(Source data)
Content starts
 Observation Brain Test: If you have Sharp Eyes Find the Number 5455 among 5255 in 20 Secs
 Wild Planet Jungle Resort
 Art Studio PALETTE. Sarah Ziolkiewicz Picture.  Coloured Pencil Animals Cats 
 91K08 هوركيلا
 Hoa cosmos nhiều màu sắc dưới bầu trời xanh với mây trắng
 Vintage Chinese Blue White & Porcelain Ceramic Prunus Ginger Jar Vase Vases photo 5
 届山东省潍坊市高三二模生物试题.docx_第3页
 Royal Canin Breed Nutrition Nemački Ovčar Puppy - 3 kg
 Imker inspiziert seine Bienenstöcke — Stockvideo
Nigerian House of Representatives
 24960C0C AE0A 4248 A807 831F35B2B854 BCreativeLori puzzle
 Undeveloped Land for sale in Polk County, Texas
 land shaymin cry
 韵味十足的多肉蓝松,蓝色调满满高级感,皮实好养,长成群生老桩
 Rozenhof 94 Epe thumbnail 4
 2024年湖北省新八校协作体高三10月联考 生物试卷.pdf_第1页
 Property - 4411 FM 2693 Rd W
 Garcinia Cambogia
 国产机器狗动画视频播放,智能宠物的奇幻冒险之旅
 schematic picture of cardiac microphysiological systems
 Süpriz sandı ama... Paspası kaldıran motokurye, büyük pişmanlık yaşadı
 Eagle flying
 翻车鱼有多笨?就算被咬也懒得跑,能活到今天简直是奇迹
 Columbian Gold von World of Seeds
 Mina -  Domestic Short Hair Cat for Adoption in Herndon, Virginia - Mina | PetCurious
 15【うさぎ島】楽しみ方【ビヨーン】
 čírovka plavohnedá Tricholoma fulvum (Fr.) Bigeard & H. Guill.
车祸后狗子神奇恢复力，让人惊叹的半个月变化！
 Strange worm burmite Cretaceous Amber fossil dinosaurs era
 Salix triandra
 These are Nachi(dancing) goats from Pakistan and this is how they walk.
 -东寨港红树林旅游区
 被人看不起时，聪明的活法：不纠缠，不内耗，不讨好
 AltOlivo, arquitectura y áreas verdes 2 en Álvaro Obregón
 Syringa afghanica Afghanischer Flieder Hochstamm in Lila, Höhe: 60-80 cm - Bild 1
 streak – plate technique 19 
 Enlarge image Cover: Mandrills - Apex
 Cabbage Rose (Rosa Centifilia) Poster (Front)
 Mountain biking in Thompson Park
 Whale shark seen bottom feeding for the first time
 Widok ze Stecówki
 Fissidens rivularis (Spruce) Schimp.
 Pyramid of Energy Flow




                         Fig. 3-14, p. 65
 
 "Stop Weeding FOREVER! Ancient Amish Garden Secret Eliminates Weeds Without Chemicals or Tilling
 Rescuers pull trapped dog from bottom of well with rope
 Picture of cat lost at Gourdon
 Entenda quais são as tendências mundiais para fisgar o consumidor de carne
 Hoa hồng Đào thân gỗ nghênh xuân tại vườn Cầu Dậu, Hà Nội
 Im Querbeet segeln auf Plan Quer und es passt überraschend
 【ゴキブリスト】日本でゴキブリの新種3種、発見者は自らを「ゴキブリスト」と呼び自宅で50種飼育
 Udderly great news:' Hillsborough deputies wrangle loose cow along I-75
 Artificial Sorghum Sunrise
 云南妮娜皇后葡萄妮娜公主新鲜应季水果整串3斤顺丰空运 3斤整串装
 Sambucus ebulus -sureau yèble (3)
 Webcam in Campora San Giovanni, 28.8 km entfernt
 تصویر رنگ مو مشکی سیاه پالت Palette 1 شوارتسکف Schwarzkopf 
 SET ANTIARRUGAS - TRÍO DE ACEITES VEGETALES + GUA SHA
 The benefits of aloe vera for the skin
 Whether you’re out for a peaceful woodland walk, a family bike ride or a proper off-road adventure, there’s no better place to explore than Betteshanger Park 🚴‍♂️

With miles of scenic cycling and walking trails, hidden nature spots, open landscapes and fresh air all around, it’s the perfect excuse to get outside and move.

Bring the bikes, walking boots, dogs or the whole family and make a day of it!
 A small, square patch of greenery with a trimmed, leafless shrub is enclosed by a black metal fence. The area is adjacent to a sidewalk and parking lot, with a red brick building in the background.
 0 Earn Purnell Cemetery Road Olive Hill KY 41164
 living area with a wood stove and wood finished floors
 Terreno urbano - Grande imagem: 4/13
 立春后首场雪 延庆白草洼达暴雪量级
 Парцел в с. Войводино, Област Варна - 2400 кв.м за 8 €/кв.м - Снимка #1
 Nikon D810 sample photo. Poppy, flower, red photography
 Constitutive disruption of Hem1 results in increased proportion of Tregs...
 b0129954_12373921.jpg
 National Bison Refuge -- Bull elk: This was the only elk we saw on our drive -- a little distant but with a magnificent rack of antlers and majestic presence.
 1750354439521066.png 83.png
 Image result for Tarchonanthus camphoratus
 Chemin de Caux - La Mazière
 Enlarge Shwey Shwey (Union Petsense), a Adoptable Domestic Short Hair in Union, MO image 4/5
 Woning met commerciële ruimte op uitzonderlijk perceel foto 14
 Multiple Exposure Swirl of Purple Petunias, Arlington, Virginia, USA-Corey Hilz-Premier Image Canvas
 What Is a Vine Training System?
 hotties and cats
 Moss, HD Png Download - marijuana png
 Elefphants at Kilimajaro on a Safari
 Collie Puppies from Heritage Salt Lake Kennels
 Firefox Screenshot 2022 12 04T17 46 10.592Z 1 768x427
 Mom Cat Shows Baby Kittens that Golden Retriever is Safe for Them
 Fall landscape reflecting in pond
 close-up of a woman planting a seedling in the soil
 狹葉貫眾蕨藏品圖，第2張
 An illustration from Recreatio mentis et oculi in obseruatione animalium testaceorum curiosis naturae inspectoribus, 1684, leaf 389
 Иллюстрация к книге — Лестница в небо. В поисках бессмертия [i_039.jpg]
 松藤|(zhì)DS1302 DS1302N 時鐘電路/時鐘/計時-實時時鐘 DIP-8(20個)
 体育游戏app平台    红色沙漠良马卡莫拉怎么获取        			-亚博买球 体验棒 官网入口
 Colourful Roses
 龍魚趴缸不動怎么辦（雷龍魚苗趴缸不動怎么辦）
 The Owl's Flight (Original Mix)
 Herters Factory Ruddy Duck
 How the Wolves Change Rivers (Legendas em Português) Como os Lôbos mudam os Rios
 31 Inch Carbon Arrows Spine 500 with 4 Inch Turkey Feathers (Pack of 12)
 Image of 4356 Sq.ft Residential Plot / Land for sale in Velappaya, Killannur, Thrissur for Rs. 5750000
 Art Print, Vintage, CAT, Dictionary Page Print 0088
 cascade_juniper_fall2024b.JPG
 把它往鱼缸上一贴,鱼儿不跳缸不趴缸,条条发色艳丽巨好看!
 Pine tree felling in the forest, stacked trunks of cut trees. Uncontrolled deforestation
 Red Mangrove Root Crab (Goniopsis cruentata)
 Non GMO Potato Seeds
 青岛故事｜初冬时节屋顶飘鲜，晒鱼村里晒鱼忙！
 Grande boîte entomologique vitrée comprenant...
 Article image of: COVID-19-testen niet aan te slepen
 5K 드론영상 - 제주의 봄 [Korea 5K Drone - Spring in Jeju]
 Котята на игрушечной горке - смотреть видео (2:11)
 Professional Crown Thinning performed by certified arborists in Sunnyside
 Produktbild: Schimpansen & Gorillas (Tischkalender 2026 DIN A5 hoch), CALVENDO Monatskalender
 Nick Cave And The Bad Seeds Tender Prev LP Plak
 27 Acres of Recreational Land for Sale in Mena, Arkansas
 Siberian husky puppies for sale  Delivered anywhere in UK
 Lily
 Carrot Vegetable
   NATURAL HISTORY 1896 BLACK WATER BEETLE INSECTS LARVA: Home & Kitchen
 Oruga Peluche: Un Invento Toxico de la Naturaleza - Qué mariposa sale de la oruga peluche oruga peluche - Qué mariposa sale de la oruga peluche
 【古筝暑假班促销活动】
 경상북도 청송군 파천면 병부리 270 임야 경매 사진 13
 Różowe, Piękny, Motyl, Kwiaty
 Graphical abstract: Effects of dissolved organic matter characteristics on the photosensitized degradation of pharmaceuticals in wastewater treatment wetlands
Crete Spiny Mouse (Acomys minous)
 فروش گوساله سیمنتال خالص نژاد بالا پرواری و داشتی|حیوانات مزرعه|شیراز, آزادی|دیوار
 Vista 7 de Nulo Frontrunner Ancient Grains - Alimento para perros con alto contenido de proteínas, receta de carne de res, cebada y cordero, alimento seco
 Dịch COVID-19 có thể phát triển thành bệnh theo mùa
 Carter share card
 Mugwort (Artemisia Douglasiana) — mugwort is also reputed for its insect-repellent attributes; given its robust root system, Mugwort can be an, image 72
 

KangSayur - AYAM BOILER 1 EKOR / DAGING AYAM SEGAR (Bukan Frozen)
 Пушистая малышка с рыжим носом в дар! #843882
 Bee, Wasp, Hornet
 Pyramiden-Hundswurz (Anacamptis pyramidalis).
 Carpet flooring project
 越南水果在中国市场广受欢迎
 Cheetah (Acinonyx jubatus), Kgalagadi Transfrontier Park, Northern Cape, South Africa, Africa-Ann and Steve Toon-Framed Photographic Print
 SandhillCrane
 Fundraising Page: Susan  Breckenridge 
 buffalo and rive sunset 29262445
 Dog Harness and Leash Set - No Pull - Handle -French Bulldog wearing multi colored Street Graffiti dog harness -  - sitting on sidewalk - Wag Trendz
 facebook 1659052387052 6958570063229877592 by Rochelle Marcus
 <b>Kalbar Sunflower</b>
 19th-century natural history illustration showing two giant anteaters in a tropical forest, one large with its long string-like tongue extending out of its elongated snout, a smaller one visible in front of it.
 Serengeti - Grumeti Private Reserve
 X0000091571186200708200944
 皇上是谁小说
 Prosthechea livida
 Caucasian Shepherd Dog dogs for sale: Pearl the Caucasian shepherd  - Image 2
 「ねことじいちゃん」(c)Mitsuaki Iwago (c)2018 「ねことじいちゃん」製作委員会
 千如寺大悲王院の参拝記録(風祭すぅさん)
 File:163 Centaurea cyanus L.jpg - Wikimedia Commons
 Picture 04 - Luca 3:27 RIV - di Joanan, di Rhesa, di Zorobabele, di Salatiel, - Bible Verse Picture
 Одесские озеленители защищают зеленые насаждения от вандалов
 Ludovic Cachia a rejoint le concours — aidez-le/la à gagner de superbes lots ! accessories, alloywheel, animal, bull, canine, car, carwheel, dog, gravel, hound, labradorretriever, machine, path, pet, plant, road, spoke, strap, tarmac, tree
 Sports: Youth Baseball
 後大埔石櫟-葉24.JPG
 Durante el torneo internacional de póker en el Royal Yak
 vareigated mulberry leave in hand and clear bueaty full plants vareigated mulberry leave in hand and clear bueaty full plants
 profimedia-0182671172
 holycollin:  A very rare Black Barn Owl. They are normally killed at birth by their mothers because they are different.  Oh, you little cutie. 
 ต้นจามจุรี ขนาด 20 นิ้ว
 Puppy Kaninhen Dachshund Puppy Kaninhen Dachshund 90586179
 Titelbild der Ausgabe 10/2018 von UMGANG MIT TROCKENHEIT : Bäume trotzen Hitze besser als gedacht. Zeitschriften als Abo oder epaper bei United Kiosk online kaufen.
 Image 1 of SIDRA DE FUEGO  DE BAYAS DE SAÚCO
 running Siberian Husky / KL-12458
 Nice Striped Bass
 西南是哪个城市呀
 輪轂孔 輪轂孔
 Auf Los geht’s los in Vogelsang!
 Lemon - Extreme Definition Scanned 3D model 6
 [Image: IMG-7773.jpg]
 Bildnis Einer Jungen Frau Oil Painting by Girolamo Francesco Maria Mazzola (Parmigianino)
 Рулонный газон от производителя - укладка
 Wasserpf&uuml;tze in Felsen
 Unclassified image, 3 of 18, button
Content ends
**ACTION ITEM:**
Which lines in the records contain the word "Domestic"? Copy each one.

**WRITTEN RESPONSE:**
 Mina -  Domestic Short Hair Cat for Adoption in Herndon, Virginia - Mina | PetCurious
 Enlarge Shwey Shwey (Union Petsense), a Adoptable Domestic Short Hair in Union, MO image 4/5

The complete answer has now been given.